The AC traction systems will be produced at Siemens' Nashik factory in Maharashtra and have been developed based on the insulated gate bipolar transistors (IGBTs) technology. The company has also signed an agreement with Spain's Gamesa to merge its wind energy businesses with it for the creation of the world's biggest windfarms company. Siemens has struggled to turn around its wind energy business in India. Siemens will hold 59% stake in the merged entity, while Gamesa will hold the balance 41%.

Yes Bank recently got the nod from Indian government to increase its FDI limit to 74%. It is likely to raise US$ 1 billion from overseas investors in the ongoing fiscal. The bank claims to have become the first bank in India to have received such an approval for a fully fungible composite foreign investment limit of 74%. YES Bank intends to expand across Asia. Once RBI approves its application, YES Bank targets to get a full banking license in Singapore.

Tata Consultancy Services has entered into a joint venture with Sernova Financial to deliver the next generation cloud based derivative post trade processing service. This technology will enable banks to manage risk and effectively maintain compliance with the changing global regulatory environment. The services will be delivered by Sernova on the Calypso platform while the Business Process Services will be delivered by TCS.

TCS recently also collaborated with the Central University of Rajasthan to offer a two-year program in Big Data Analysis. The course is designed by eminent experts in Data Science and Data Analytics from academia and industries with initiative from the TCS.

With an aim to fight rising competition, Nestle India is set to launch nearly 25 new products in the market. The range of products comprise seven variants of Maggi, Greek yogurt brand 'Grekyo' and protein growth brand 'Pro-Gro' in the dairy segment. Products in chocolate and confectionery and offerings in coffee and tea are also a part of launch. The launch period is being brought down to 4-months from 10-12 months to keep pace with changing aspects.

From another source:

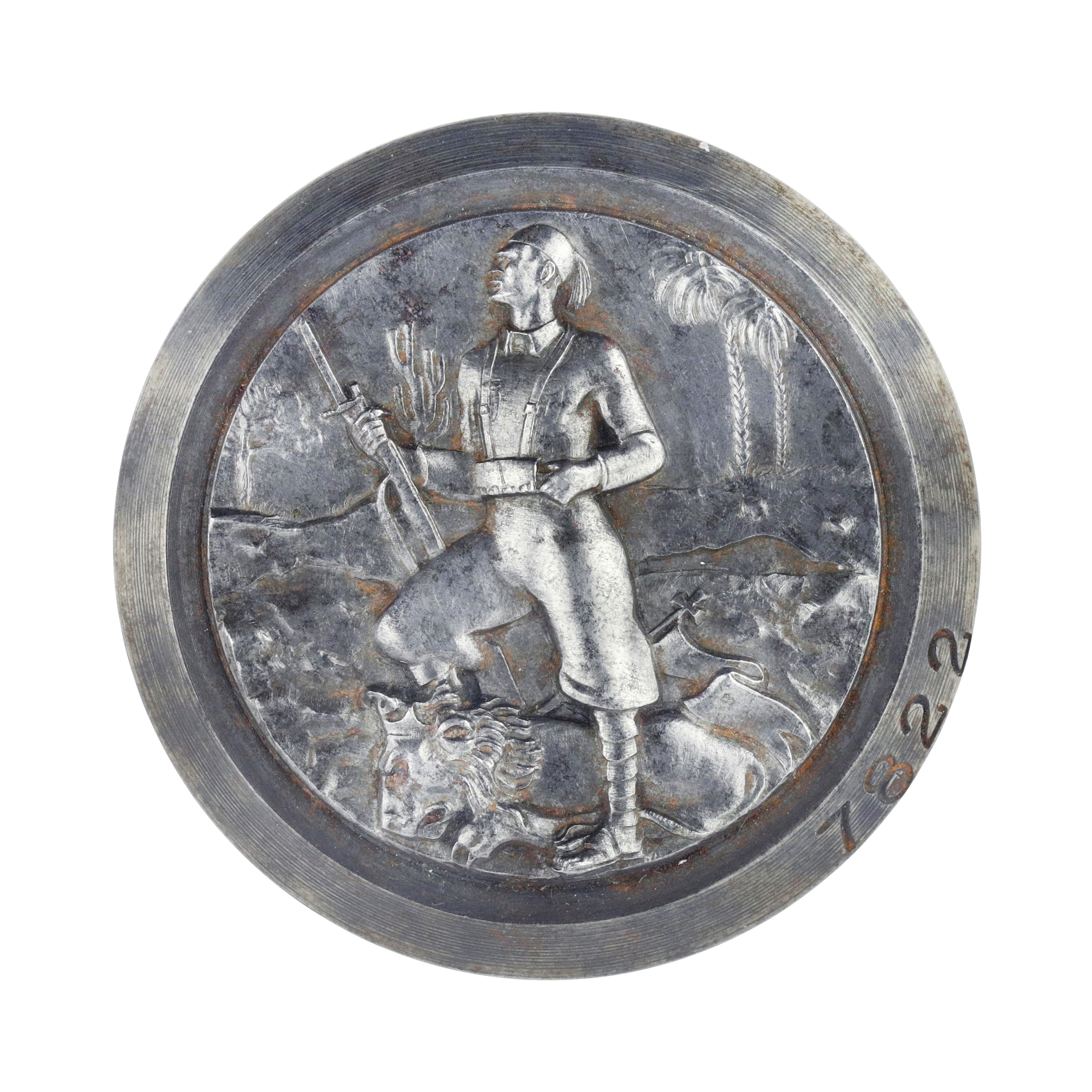P - a.o.I. Milite con Leone e Palme 45 X 45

The instant noodles market in India is estimated to be Rs 20 billion with Yippee, Wai Wai and Patanjali Noodles among major players besides Maggi. Nestle has stated that Maggi has regained 55.5% share in the noodles market compared to 77% before ban. The company still has to recover the 5 billion losses that it had to bear after the ban. Two cases are still pending against the company.

The departure of Britain from the European Union is expected to add to the uncertainty in global markets already grappling with recession. However, the likely slowdown that Brexit will trigger in several economies is being seen as pulling down crude prices and help countries like India manage their trade deficits. But instead of banking too much on the global macro trends, that are difficult to predict, investors should focus on fundamentals of individual stocks and utilise the correction to cherry pick stocks with strong fundamentals.